With that my little Gillian Rose has a cold. Her doctor said that she needs to pay better attention to her body because she was very congested and didn’t really convey that to us. The problem with Gillian’s colds is that her asthma loves to help advance all colds into bronchitis as soon as possible. A few years ago she ended up in the hospital for a few days with pneumonia. That was the worst.
Seeing a little arm with a big IV in it made me so sad. And the one thing I remember more then anything was how she never really cried. I mean, the nurses would wake her up all night for blood tests and urine samples and she would moan a little and grunt here and there but she never freaked out or cried. I was shocked. She was my little 6 year old trooper.
Jasmine and I would sit with her. Laugh with her and kept assuring her that the stuff the doctors were doing were necessary for her health. It was a little heartbreaking for her because she missed my sisters wedding. She did cry a little about that but that was different then crying about what you would figure a little girl in a big scary hospital would be crying about.
She held it together so much better then Jasmine and I did.
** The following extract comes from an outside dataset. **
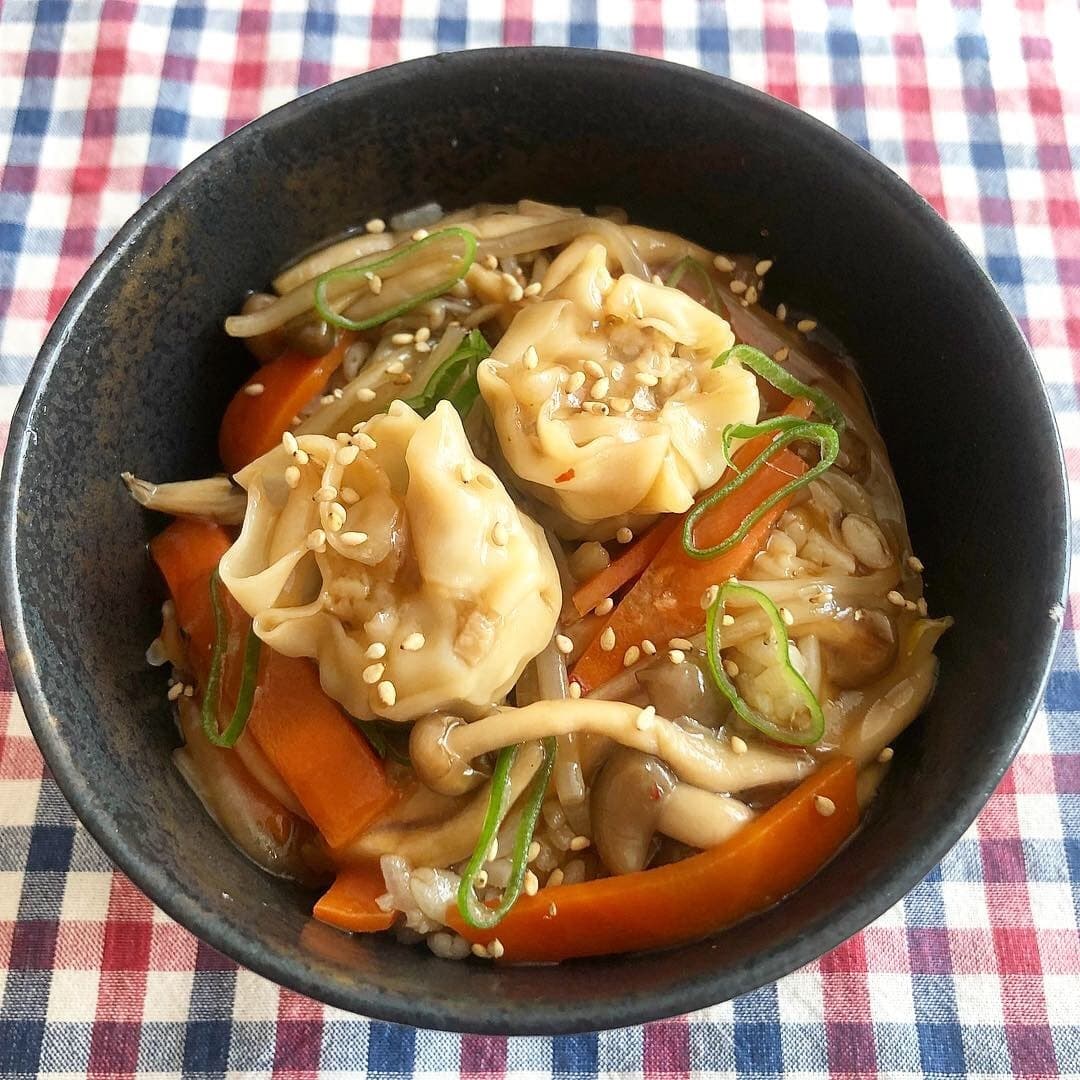 ピリ辛あんかけシューマイ丼の完成写真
We would fall apart in the parking lot every time we left. Never in front of her though. We never wanted to scare her. She’s a tough little cookie.
The day she came home, our surrogate family member Lisa and my son decided to put up a “Welcome Home” banner in her room. They also decorated it for her with streamers and balloons. When she got home and saw her room her eyes lit up! She got the huge smile on her face and she slowly took it all in. Then she looked up at me and I finally saw it.
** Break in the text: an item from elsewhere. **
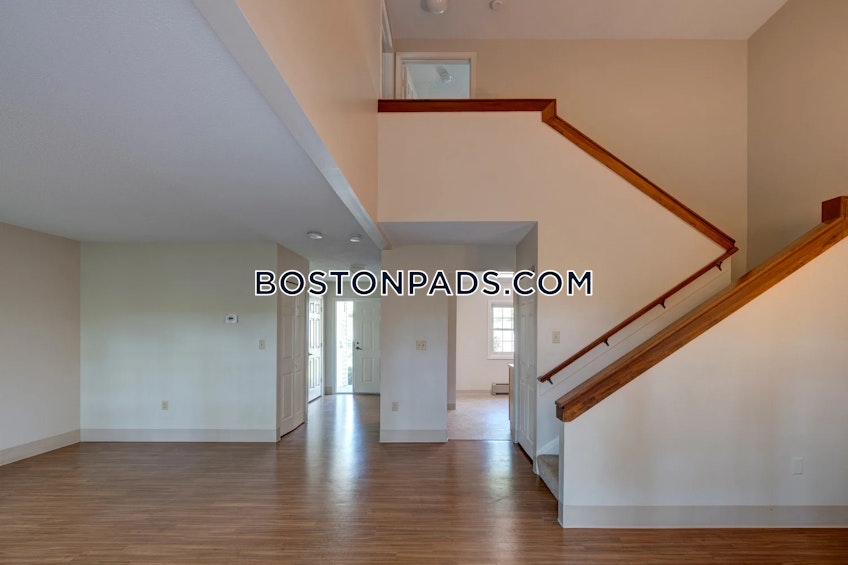 Marshfield - $3,075+ /month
All of the fear. All of the frustration. All of the stuff she was feeling in the hospital was all there. Her big beautiful eyes began filling and spilling tears. I am sure they were sad and happy ones in there. She ran into my arms and we all started crying. For me, all of mine were happy tears and still are because we got through it.
I think she realized also how very great it is to feel very great.
Reader Comments (4)
Asthma can get pretty nasty.
But even just the sound of them talking with a stuffy nose is enough to make you want to cuddle with them to make them feel better.
Our kids are THE MOST important thing in our world. I consider myself so dam lucky that only I have diabetes. I understand TOTALLY! It must be so scary to see little Rose with a cold, if you have such memories. I am so glad that she COULD cry when she came home, for you and for her and of course for Jasmine too!
Great post G-Money - I'm glad she's feeling better. That must have been hard for all of you.
Awww, I'm so with you. Nothing worse than watching the little ones suffer. So glad she's feeling better!